Task prompt | Filter the data below, keeping only lines that contain "white".

Data provided |
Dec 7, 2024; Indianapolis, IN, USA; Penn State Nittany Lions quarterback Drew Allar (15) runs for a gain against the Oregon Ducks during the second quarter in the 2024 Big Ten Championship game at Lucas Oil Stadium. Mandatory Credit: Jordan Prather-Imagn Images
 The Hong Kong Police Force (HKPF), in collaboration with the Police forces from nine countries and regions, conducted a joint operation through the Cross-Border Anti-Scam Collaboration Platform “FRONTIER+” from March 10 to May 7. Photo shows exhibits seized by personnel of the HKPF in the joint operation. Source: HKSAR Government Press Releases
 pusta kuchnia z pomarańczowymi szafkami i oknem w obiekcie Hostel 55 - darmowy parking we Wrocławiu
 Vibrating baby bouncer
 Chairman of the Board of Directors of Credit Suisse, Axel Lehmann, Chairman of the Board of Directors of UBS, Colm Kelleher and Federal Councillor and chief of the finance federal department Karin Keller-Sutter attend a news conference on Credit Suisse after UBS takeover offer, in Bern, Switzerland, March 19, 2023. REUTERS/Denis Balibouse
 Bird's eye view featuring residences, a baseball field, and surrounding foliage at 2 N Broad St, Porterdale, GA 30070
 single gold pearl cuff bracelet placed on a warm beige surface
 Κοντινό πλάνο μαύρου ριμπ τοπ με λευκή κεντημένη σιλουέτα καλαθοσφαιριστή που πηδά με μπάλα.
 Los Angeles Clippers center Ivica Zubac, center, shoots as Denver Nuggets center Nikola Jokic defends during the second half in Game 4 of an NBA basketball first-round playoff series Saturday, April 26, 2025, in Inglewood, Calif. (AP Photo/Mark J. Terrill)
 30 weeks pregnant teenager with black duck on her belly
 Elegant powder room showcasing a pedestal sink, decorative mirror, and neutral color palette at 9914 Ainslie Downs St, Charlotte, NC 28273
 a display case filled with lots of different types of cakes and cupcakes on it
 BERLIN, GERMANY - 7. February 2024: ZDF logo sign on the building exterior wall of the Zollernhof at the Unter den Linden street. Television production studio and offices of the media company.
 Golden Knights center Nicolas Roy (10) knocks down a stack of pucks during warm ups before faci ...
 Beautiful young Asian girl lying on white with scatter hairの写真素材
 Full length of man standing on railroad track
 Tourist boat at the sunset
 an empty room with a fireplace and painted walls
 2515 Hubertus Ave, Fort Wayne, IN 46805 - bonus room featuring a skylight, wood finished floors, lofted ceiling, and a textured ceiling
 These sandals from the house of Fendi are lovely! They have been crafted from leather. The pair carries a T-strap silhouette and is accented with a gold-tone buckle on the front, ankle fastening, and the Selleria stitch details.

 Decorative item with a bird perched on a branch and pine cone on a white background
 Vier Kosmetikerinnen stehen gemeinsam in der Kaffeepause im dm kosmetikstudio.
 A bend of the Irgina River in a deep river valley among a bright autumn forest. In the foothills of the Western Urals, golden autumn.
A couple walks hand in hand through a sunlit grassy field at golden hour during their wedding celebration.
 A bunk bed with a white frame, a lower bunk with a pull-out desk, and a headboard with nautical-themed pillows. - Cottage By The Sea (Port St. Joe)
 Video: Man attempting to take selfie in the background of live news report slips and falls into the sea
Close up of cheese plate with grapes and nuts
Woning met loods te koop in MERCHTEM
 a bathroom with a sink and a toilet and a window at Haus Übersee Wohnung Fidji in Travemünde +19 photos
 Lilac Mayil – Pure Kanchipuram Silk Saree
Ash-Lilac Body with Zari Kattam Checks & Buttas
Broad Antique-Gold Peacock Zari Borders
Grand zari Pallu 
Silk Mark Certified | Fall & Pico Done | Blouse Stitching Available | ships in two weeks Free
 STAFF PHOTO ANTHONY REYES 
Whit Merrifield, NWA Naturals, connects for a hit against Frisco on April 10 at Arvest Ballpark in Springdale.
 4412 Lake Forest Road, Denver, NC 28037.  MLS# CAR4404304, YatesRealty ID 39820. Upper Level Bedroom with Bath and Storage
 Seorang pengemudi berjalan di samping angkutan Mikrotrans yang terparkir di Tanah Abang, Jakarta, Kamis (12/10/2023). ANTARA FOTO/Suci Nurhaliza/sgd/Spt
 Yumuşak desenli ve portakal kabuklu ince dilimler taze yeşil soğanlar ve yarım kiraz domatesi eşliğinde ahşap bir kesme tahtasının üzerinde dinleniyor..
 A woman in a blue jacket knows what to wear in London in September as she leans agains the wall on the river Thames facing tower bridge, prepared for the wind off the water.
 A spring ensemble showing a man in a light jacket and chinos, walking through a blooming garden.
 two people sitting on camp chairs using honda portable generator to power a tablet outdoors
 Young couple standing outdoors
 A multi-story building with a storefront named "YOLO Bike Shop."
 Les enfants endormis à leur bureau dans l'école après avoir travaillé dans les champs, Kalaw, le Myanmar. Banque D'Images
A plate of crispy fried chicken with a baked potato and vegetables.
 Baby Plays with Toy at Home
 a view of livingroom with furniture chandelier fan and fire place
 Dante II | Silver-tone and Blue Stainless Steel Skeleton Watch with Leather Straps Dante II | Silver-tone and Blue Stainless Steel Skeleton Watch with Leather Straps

Result of this exercise |
 Beautiful young Asian girl lying on white with scatter hairの写真素材
 Decorative item with a bird perched on a branch and pine cone on a white background
 A bunk bed with a white frame, a lower bunk with a pull-out desk, and a headboard with nautical-themed pillows. - Cottage By The Sea (Port St. Joe)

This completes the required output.